# Requirement
Could you write out each of the records below exactly?

'''

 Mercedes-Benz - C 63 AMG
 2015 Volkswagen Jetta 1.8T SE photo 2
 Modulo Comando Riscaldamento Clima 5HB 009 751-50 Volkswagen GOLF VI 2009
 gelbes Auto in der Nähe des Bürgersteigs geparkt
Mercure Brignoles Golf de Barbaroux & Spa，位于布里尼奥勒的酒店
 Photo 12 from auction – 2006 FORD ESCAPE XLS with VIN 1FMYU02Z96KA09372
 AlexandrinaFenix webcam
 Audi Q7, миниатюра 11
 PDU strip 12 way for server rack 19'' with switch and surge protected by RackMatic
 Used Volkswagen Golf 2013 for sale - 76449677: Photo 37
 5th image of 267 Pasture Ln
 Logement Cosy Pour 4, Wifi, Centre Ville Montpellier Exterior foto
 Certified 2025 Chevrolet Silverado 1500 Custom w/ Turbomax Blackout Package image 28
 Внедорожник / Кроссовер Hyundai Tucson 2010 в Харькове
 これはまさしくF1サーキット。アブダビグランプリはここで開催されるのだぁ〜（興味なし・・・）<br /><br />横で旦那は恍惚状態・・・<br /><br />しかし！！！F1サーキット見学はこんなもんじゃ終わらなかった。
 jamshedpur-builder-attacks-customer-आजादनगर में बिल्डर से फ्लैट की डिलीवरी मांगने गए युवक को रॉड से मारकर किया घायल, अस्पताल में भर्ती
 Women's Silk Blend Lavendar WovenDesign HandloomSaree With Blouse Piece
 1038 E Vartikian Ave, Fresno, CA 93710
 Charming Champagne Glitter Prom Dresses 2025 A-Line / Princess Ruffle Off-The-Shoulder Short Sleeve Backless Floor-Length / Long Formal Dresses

'''

# Answer space
 Mercedes-Benz - C 63 AMG
 2015 Volkswagen Jetta 1.8T SE photo 2
 Modulo Comando Riscaldamento Clima 5HB 009 751-50 Volkswagen GOLF VI 2009
 gelbes Auto in der Nähe des Bürgersteigs geparkt
Mercure Brignoles Golf de Barbaroux & Spa，位于布里尼奥勒的酒店
 Photo 12 from auction – 2006 FORD ESCAPE XLS with VIN 1FMYU02Z96KA09372
 AlexandrinaFenix webcam
 Audi Q7, миниатюра 11
 PDU strip 12 way for server rack 19'' with switch and surge protected by RackMatic
 Used Volkswagen Golf 2013 for sale - 76449677: Photo 37
 5th image of 267 Pasture Ln
 Logement Cosy Pour 4, Wifi, Centre Ville Montpellier Exterior foto
 Certified 2025 Chevrolet Silverado 1500 Custom w/ Turbomax Blackout Package image 28
 Внедорожник / Кроссовер Hyundai Tucson 2010 в Харькове
 これはまさしくF1サーキット。アブダビグランプリはここで開催されるのだぁ〜（興味なし・・・）<br /><br />横で旦那は恍惚状態・・・<br /><br />しかし！！！F1サーキット見学はこんなもんじゃ終わらなかった。
 jamshedpur-builder-attacks-customer-आजादनगर में बिल्डर से फ्लैट की डिलीवरी मांगने गए युवक को रॉड से मारकर किया घायल, अस्पताल में भर्ती
 Women's Silk Blend Lavendar WovenDesign HandloomSaree With Blouse Piece
 1038 E Vartikian Ave, Fresno, CA 93710
 Charming Champagne Glitter Prom Dresses 2025 A-Line / Princess Ruffle Off-The-Shoulder Short Sleeve Backless Floor-Length / Long Formal Dresses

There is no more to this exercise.